*** Material for this task ***

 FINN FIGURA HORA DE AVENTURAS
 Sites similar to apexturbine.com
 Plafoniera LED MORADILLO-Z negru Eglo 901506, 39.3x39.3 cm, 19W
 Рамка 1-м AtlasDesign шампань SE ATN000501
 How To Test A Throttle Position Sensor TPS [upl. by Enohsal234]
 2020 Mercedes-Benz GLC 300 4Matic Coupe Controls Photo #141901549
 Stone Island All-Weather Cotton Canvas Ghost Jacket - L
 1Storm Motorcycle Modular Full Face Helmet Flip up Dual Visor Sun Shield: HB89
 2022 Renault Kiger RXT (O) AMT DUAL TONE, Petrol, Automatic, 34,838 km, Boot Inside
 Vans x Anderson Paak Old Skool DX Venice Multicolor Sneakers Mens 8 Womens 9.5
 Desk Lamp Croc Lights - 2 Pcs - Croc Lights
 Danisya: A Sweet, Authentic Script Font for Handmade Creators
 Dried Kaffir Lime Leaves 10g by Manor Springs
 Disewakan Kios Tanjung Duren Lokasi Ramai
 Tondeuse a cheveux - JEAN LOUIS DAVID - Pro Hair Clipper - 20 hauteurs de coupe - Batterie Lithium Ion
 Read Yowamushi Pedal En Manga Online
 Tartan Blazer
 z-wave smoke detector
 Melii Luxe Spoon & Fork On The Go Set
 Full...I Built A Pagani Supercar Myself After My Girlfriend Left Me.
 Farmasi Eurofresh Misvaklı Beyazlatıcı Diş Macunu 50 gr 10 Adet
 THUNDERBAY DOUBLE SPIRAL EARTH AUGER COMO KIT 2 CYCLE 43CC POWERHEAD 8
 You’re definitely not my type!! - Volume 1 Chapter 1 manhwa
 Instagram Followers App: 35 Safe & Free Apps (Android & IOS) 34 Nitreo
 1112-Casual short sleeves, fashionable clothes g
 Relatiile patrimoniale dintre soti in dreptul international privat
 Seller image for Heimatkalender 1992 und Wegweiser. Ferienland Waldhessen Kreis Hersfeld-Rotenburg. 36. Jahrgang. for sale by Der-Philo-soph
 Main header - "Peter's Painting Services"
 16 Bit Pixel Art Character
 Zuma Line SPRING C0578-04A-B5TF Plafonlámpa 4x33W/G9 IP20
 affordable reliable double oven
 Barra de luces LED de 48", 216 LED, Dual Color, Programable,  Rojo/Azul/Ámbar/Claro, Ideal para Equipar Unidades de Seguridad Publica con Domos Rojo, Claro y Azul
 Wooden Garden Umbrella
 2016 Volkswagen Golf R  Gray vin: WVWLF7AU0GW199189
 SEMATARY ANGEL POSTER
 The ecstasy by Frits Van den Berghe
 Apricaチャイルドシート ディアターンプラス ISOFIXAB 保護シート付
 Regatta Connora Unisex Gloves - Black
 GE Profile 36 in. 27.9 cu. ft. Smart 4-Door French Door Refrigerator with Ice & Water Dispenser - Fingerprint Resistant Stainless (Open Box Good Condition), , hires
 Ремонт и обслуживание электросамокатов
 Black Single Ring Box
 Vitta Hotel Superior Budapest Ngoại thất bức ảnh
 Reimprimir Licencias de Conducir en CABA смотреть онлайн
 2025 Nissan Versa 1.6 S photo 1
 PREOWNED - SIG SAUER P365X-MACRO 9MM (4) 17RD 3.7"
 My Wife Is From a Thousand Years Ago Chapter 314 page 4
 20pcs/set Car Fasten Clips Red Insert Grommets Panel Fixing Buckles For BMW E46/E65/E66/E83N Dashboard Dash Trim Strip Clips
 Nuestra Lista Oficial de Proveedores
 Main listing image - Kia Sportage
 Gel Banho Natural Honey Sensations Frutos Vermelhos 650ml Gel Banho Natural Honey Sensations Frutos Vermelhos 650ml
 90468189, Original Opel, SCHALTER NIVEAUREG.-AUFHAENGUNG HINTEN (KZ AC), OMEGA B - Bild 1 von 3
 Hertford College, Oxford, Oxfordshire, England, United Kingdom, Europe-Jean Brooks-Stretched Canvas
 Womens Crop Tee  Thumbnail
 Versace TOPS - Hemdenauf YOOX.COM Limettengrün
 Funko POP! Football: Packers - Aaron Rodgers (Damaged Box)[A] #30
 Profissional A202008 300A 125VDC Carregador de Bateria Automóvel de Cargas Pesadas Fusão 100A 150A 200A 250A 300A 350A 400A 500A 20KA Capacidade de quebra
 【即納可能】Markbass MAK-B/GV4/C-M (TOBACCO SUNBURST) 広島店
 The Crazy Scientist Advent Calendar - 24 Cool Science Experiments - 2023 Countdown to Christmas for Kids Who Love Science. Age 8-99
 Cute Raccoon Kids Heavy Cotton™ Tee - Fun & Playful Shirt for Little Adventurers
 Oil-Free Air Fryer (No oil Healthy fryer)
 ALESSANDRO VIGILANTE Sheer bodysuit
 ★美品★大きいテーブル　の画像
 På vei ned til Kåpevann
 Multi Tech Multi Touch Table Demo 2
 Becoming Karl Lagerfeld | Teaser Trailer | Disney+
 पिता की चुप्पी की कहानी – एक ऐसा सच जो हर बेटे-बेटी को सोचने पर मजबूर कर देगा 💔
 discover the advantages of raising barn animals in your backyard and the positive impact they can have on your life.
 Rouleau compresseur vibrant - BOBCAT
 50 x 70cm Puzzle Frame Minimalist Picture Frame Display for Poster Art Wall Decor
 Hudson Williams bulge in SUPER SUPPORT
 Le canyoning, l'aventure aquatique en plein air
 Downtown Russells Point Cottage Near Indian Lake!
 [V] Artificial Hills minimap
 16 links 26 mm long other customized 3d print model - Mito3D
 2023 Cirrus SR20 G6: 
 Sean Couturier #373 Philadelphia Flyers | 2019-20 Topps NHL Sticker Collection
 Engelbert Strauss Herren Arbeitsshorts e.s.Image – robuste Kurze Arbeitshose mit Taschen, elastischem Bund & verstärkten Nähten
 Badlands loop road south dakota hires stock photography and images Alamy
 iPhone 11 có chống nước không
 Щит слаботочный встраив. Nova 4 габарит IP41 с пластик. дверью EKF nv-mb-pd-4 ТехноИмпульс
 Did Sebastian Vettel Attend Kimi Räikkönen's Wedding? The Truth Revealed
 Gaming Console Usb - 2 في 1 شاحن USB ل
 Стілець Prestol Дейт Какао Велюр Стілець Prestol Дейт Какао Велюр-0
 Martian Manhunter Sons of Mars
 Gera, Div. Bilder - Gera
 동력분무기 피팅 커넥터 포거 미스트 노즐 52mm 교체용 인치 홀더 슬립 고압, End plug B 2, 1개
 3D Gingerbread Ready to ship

***

**What the task asks**
Copy out each line of the data above, exactly, if it lies between the line holding "Engelbert Strauss Herren" and the line holding "Gera, Div. Bilder - Gera", inclusive; copy no other line.

**Answer**
 Engelbert Strauss Herren Arbeitsshorts e.s.Image – robuste Kurze Arbeitshose mit Taschen, elastischem Bund & verstärkten Nähten
 Badlands loop road south dakota hires stock photography and images Alamy
 iPhone 11 có chống nước không
 Щит слаботочный встраив. Nova 4 габарит IP41 с пластик. дверью EKF nv-mb-pd-4 ТехноИмпульс
 Did Sebastian Vettel Attend Kimi Räikkönen's Wedding? The Truth Revealed
 Gaming Console Usb - 2 في 1 شاحن USB ل
 Стілець Prestol Дейт Какао Велюр Стілець Prestol Дейт Какао Велюр-0
 Martian Manhunter Sons of Mars
 Gera, Div. Bilder - Gera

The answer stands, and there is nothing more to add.